Work instruction =
Find, in the records below, the line that contains "4 makuuhuone Huvila" and the line that contains "1147 Manitoba St — Photo 9". Copy those two lines and everything between them exactly, but not the pictures.
-*-*-
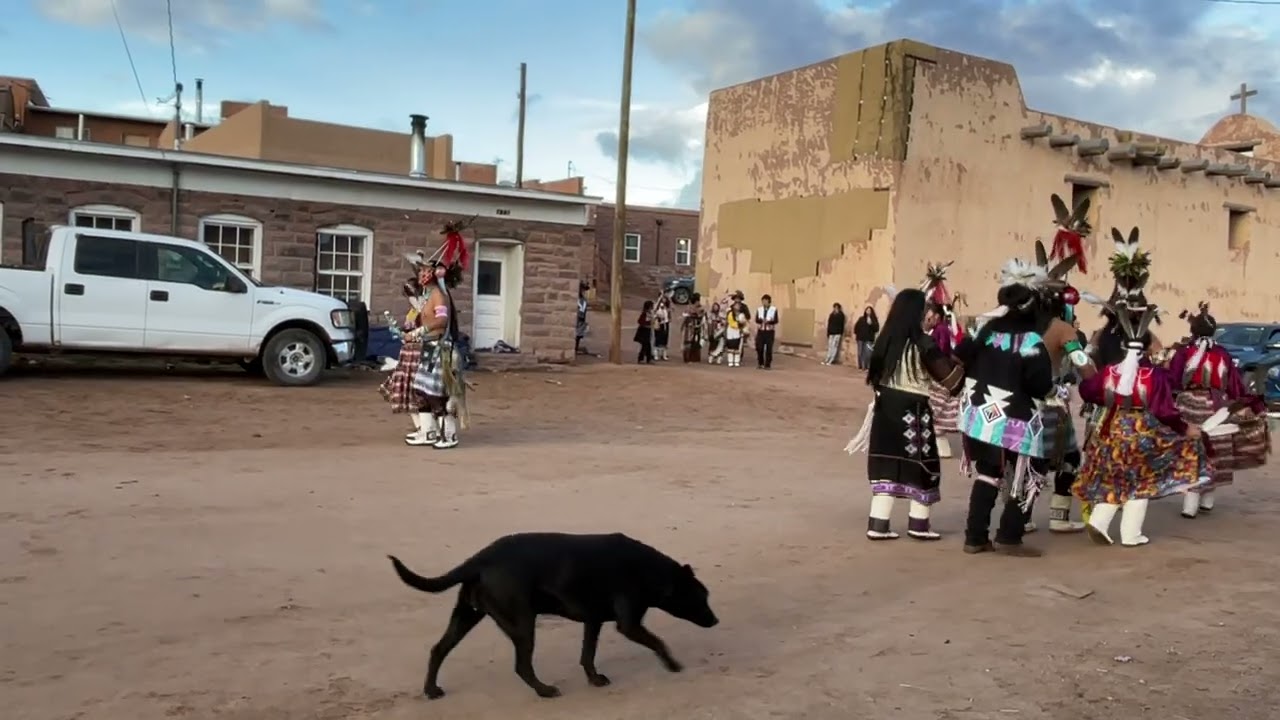Mubatchu (Hopi/Navajo) dance A:shiwi Odi:kwe and Niiha dance groups 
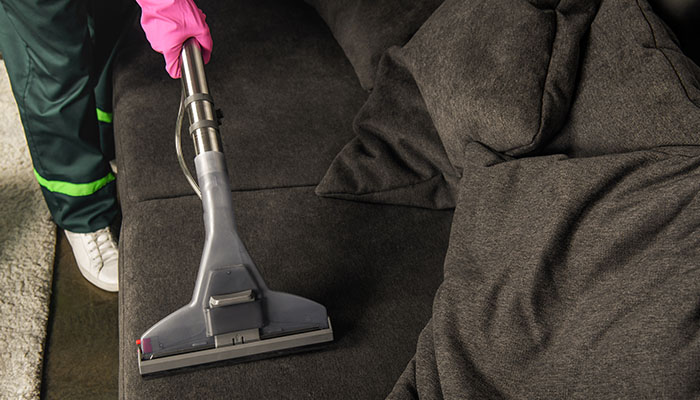 Cleaning upholstery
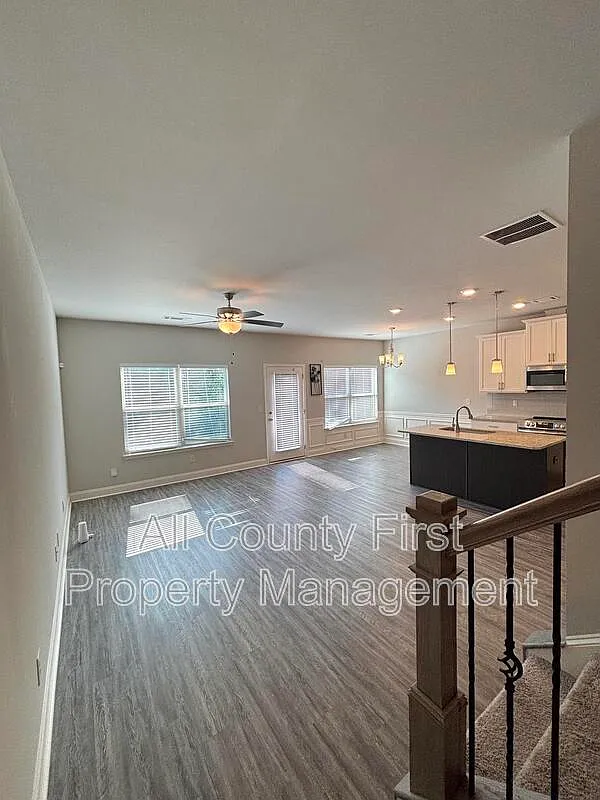 3 bed, 2.5 bath, 1815 sqft, $2,300 — Photo 3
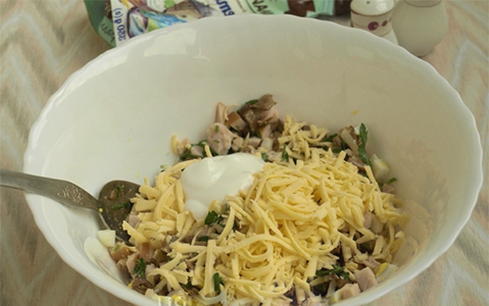 Салат с копченой курицей, грибами и сыром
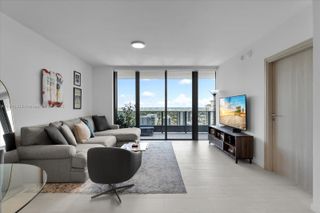 1000 Brickell Plaza 3610, Miami, FL 33131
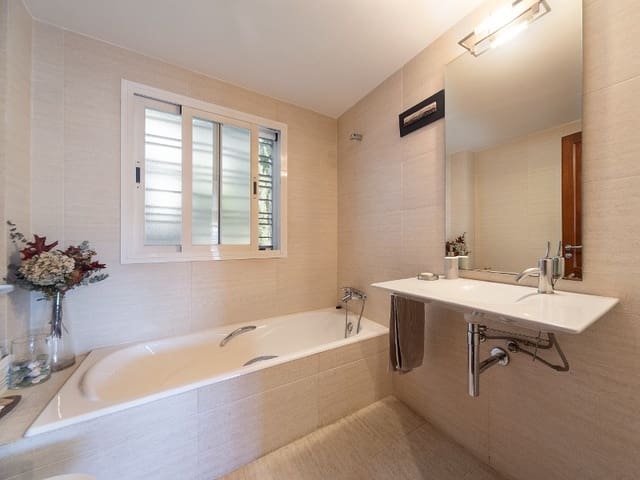 4 makuuhuone Huvila myytävänä paikassa La Bonanova, Palma de Mallorca mukana 
autotalli - 1 890 000 € (Ref: 7389604)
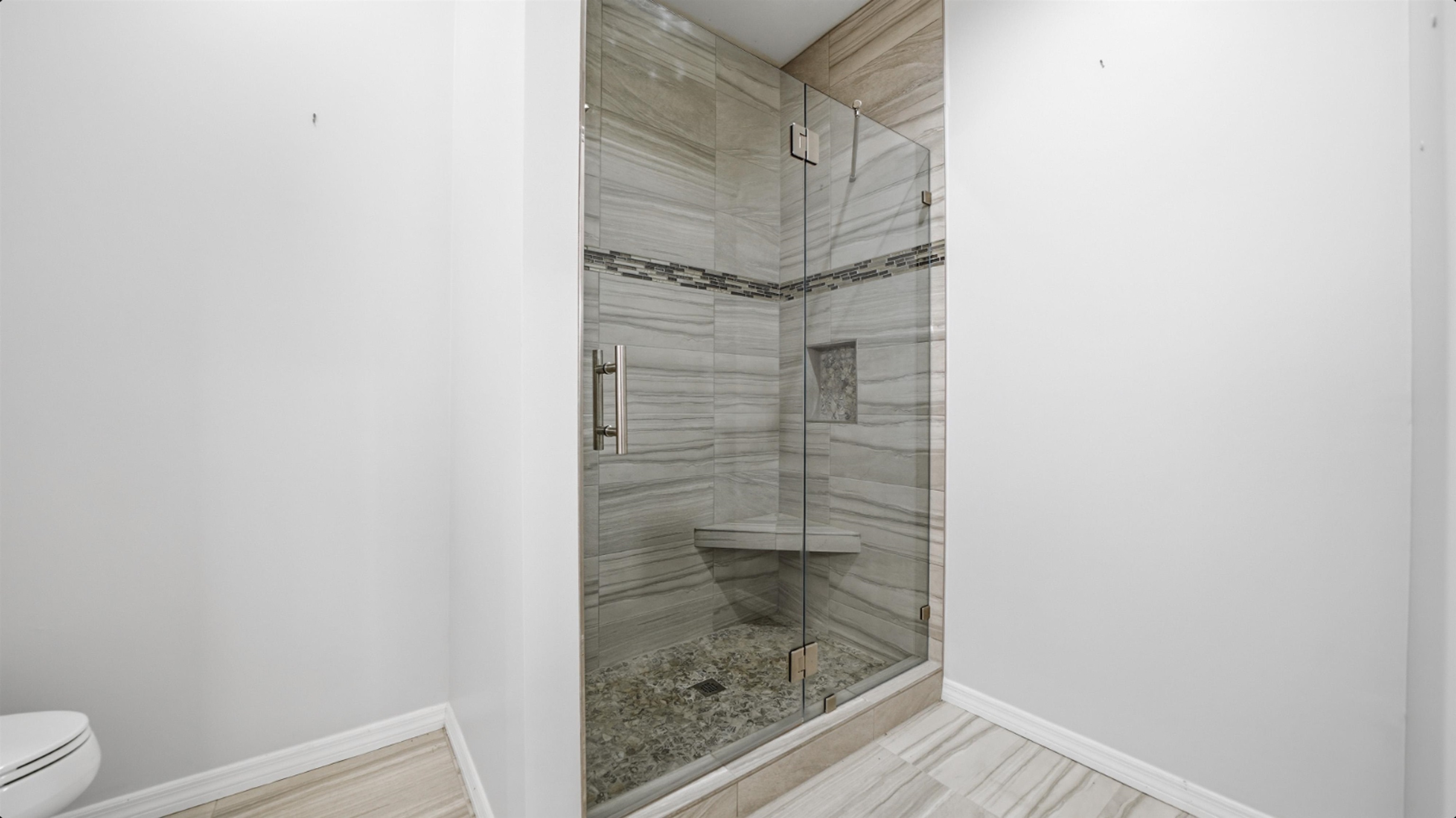 Image 23 of 61 For 1176 Athlone Way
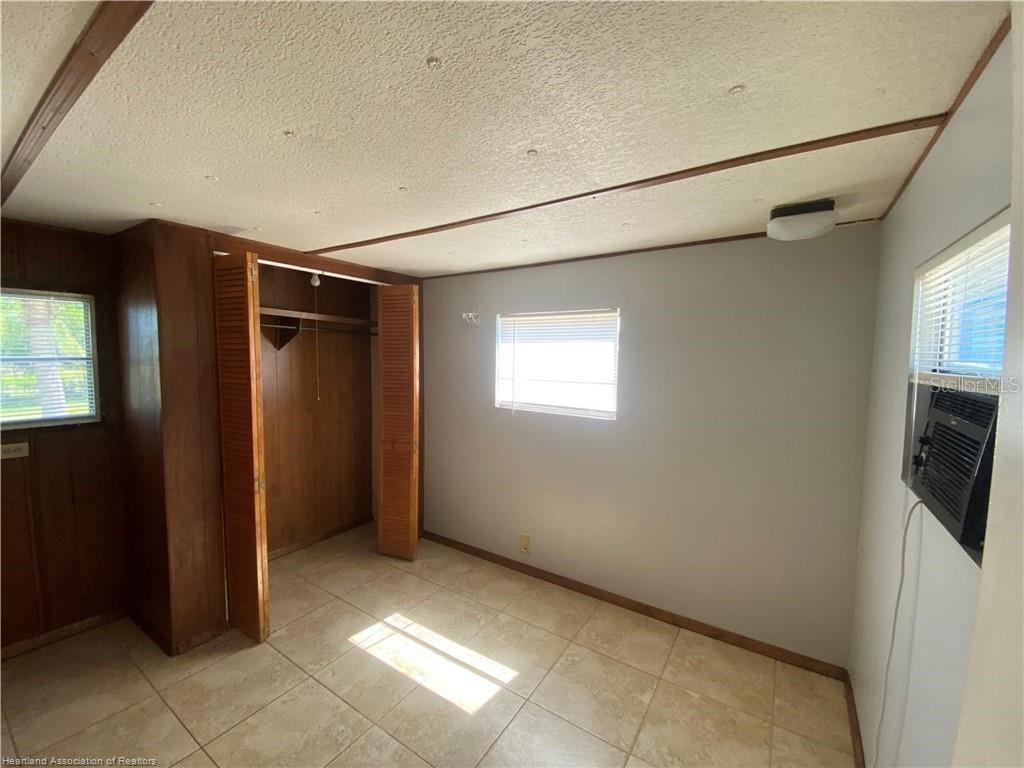 Image 9 of 15 For 1526 Fort Meade Road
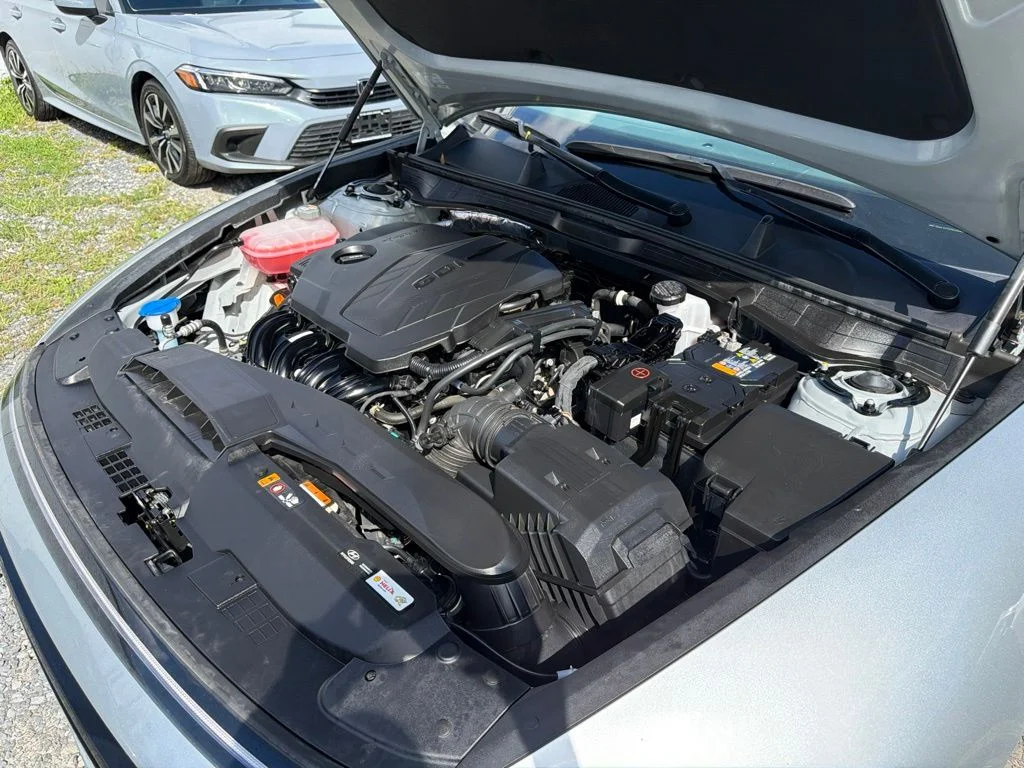 Used 2024 Silver Hyundai SEL image 41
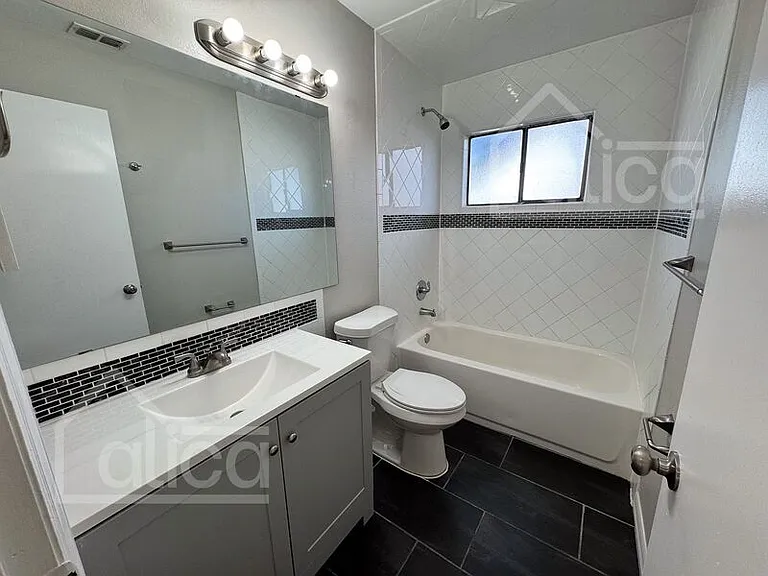 1147 Manitoba St — Photo 9
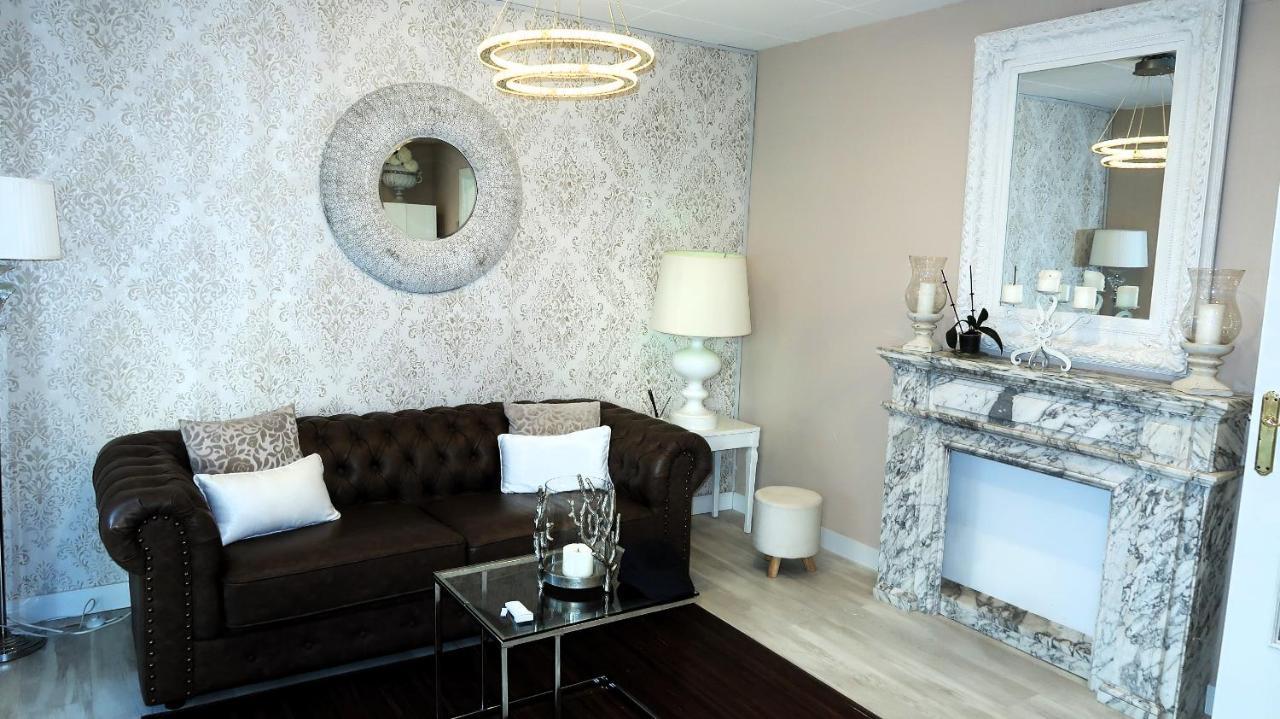 Entire Apartment , 2 Bedrooms Newly Remodeled Center Sitges Barcelona Buitenkant foto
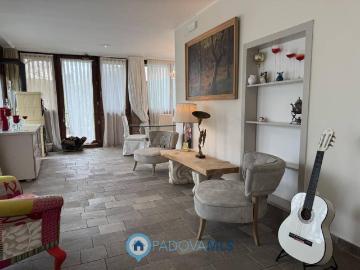 Villa Bifamiliare in affitto a Padova via Friuli, arredato, terrazzo, riscaldamento a pavimento TrovaCasa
-*-*-
Reply =
 4 makuuhuone Huvila myytävänä paikassa La Bonanova, Palma de Mallorca mukana 
autotalli - 1 890 000 € (Ref: 7389604)
 Image 23 of 61 For 1176 Athlone Way
 Image 9 of 15 For 1526 Fort Meade Road
 Used 2024 Silver Hyundai SEL image 41
 1147 Manitoba St — Photo 9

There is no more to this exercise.